**DATASET EXTRACT:**
------------------------------------

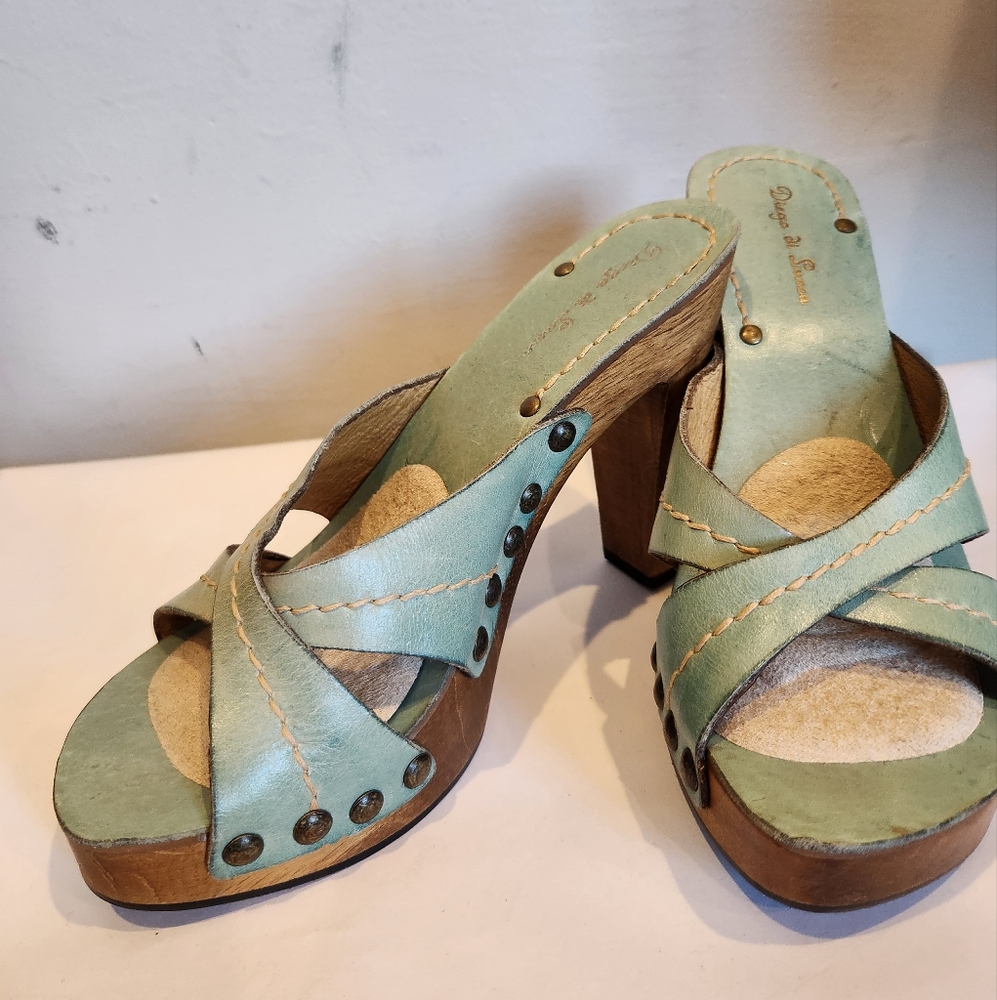 Green Mules with Circular Cutouts and Artisanal Design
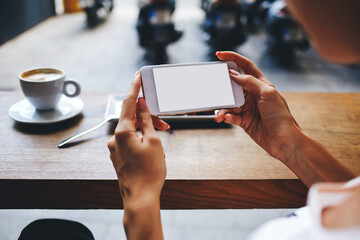 young female reading news via cell telephone while sitting in coffee shop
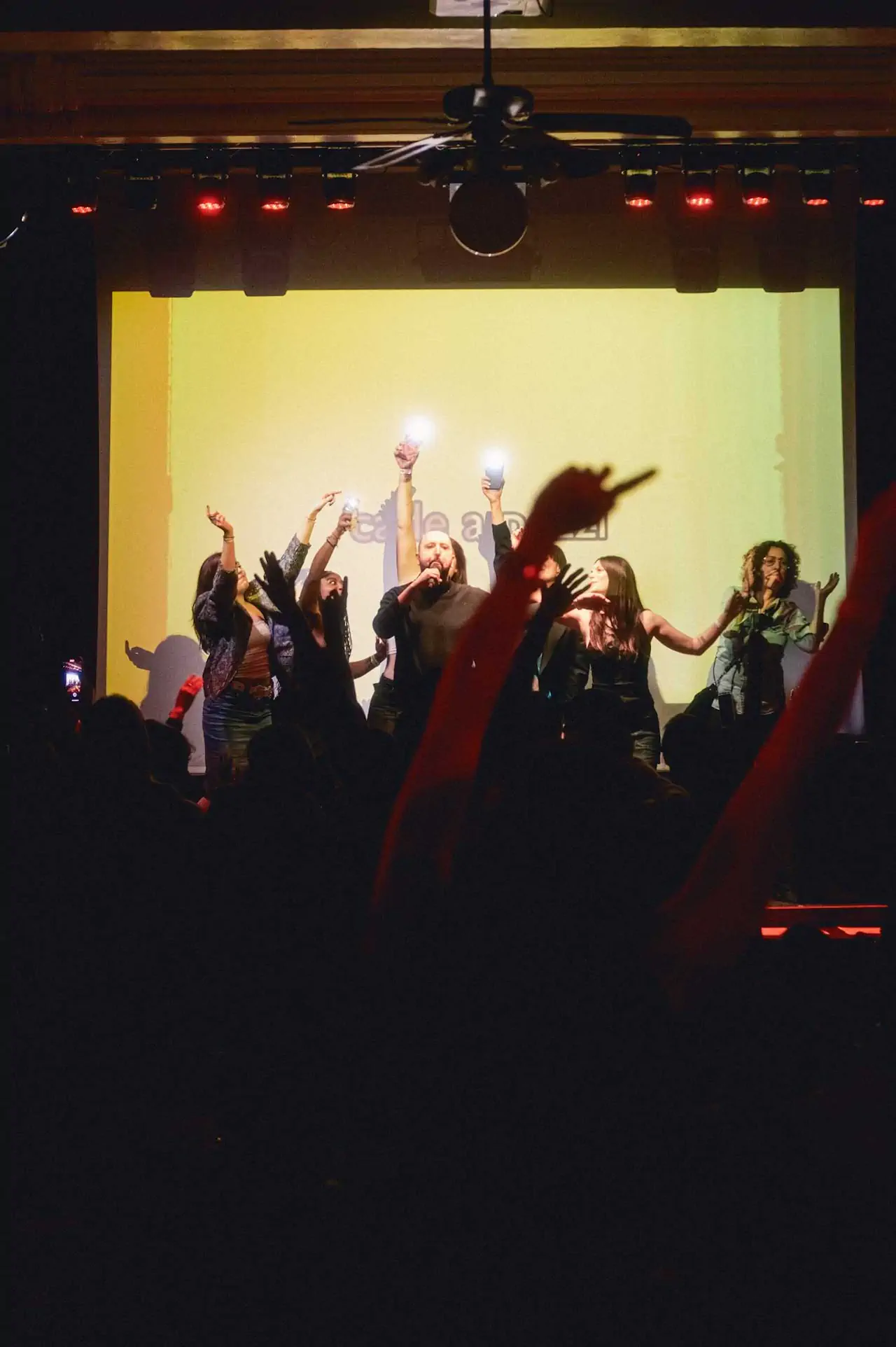 People chanting in front of a crowd, with a projected light behind, in a dark theater. People chanting in front of a crowd, with a projected light behind, in a dark theater.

------------------------------------

**TASK DETAILS:**
Where the data includes pictures, leave them out and write out everything else exactly.

**RESULT:**
 Green Mules with Circular Cutouts and Artisanal Design
 young female reading news via cell telephone while sitting in coffee shop
 People chanting in front of a crowd, with a projected light behind, in a dark theater. People chanting in front of a crowd, with a projected light behind, in a dark theater.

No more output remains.